COLLECTED DATA:
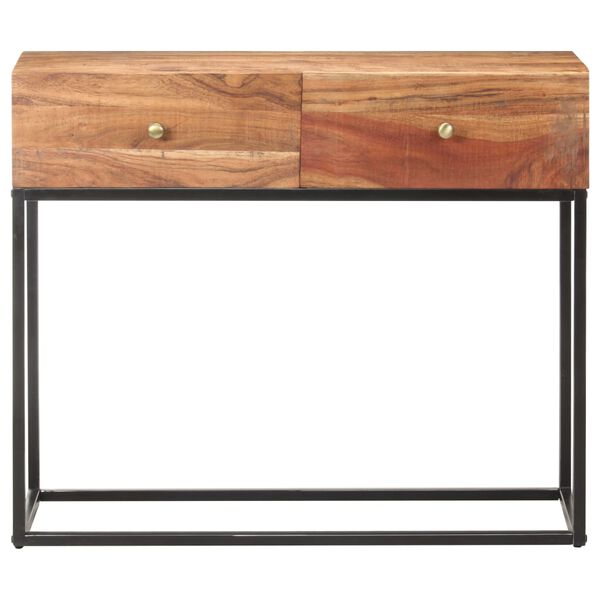 vidaXL Конзолна маса, сива, 90x35x75 cм, грубо акациево дърво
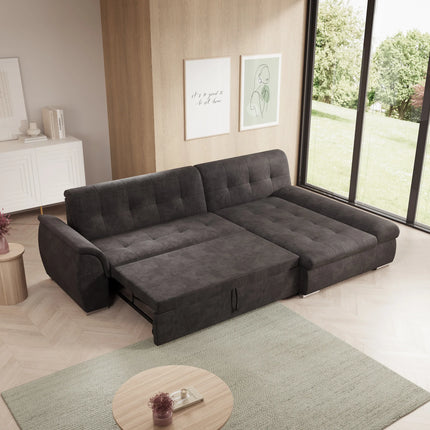 UNICORN Corner sofa 3-seater with chaise longue Velvet black Width 286 cm Height 80 cm Depth 170 cm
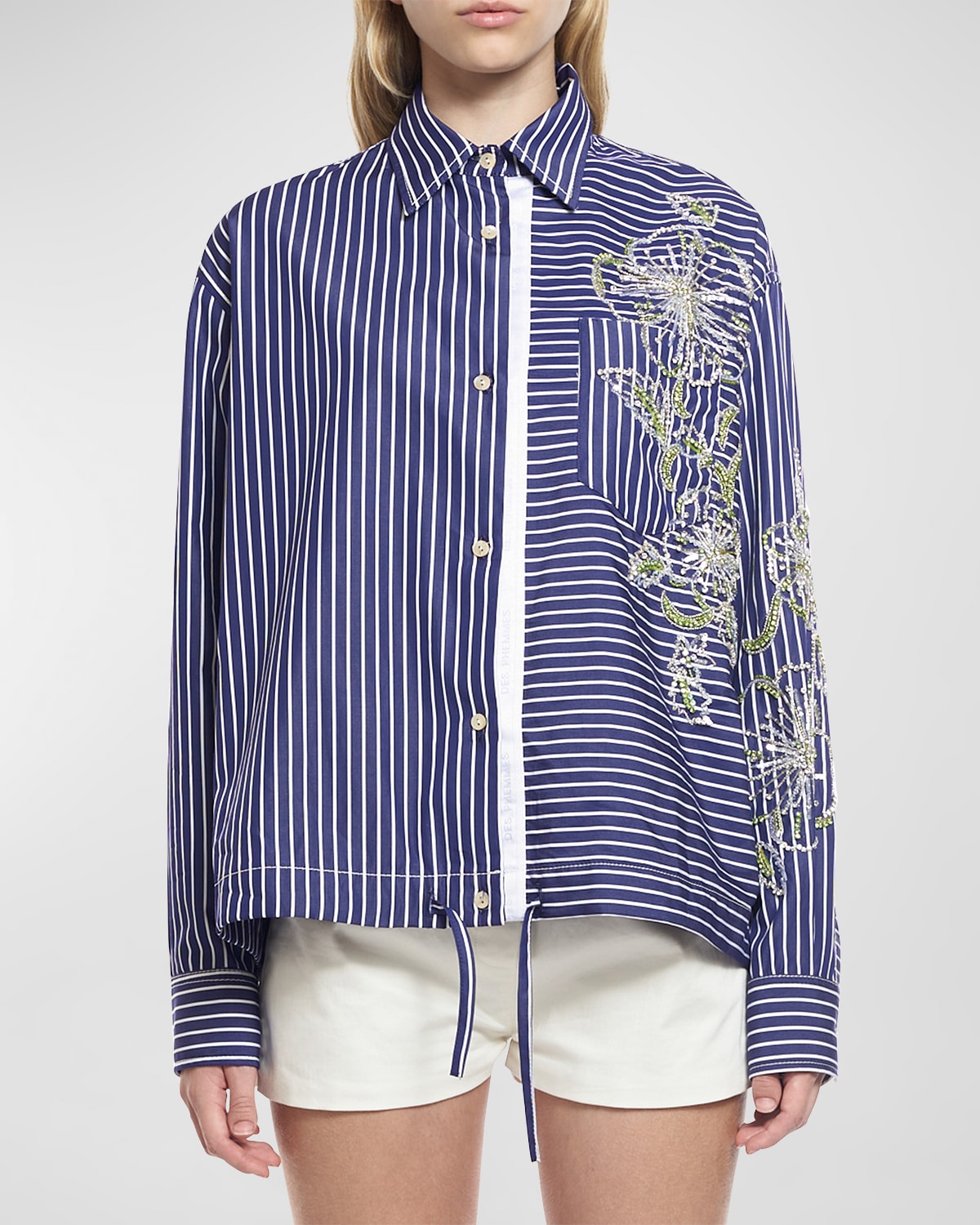 Shop Des Phemmes Hibiscus Embroidered Stripe Shirt In Dark Blue White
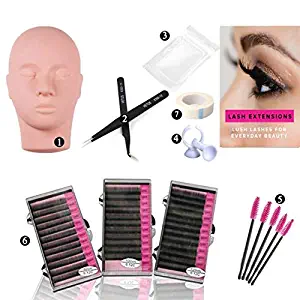 Training Mannequin Head False Eyelashes Extensions Practice Kit Set for Makeup Training and Eyelash Graft(No Contain Glue)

PROBLEM STATEMENT:
Each line of the listing above should be retyped exactly, with no pictures.

TASK ANSWER:
 vidaXL Конзолна маса, сива, 90x35x75 cм, грубо акациево дърво
 UNICORN Corner sofa 3-seater with chaise longue Velvet black Width 286 cm Height 80 cm Depth 170 cm
 Shop Des Phemmes Hibiscus Embroidered Stripe Shirt In Dark Blue White
 Training Mannequin Head False Eyelashes Extensions Practice Kit Set for Makeup Training and Eyelash Graft(No Contain Glue)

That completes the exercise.